(PROVIDED ENTRIES)

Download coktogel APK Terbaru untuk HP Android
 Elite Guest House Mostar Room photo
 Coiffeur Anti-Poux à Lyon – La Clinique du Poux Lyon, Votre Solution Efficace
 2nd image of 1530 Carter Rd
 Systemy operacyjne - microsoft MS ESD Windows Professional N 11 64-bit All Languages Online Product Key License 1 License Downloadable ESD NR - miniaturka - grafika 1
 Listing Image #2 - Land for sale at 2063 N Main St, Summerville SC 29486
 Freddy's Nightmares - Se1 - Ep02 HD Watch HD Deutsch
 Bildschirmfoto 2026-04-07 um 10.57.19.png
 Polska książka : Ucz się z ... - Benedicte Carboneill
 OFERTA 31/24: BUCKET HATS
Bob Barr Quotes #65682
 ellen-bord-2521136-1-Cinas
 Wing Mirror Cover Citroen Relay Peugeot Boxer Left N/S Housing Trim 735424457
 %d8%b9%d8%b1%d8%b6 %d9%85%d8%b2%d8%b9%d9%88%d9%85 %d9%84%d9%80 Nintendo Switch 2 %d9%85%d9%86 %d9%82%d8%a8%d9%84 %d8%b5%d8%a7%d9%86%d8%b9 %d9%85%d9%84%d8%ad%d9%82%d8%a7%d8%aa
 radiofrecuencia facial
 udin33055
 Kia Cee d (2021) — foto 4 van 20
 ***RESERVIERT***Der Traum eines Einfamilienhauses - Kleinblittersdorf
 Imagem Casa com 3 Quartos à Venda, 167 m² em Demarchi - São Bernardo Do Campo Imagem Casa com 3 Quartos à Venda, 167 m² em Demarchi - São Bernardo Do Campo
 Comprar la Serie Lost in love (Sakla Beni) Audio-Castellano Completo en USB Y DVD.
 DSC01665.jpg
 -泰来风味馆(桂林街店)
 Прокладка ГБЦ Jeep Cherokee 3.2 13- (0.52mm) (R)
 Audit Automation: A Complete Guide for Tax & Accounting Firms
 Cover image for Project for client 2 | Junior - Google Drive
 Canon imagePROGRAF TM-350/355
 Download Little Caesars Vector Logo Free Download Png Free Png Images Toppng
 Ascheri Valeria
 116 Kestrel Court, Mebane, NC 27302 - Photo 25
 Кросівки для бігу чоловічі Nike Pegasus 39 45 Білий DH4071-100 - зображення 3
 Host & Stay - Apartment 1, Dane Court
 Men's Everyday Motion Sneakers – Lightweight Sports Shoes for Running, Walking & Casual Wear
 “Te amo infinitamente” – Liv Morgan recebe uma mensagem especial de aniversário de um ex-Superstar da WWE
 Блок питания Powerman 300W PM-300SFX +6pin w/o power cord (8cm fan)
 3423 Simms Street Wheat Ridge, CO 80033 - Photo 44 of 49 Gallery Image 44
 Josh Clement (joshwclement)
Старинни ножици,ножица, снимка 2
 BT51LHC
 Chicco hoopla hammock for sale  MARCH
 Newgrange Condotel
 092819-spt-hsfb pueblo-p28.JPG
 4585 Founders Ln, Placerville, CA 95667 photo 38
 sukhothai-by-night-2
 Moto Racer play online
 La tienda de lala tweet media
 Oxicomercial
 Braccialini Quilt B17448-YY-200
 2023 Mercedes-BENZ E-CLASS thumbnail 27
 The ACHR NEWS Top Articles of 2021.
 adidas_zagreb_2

(End PROVIDED ENTRIES)

▶ [BRIEF]:
Set down nothing but the lines from the one containing "Download Little Caesars" through the final line above, exactly as written.

▶ [RESULT OF THIS EXERCISE]:
 Download Little Caesars Vector Logo Free Download Png Free Png Images Toppng
 Ascheri Valeria
 116 Kestrel Court, Mebane, NC 27302 - Photo 25
 Кросівки для бігу чоловічі Nike Pegasus 39 45 Білий DH4071-100 - зображення 3
 Host & Stay - Apartment 1, Dane Court
 Men's Everyday Motion Sneakers – Lightweight Sports Shoes for Running, Walking & Casual Wear
 “Te amo infinitamente” – Liv Morgan recebe uma mensagem especial de aniversário de um ex-Superstar da WWE
 Блок питания Powerman 300W PM-300SFX +6pin w/o power cord (8cm fan)
 3423 Simms Street Wheat Ridge, CO 80033 - Photo 44 of 49 Gallery Image 44
 Josh Clement (joshwclement)
Старинни ножици,ножица, снимка 2
 BT51LHC
 Chicco hoopla hammock for sale  MARCH
 Newgrange Condotel
 092819-spt-hsfb pueblo-p28.JPG
 4585 Founders Ln, Placerville, CA 95667 photo 38
 sukhothai-by-night-2
 Moto Racer play online
 La tienda de lala tweet media
 Oxicomercial
 Braccialini Quilt B17448-YY-200
 2023 Mercedes-BENZ E-CLASS thumbnail 27
 The ACHR NEWS Top Articles of 2021.
 adidas_zagreb_2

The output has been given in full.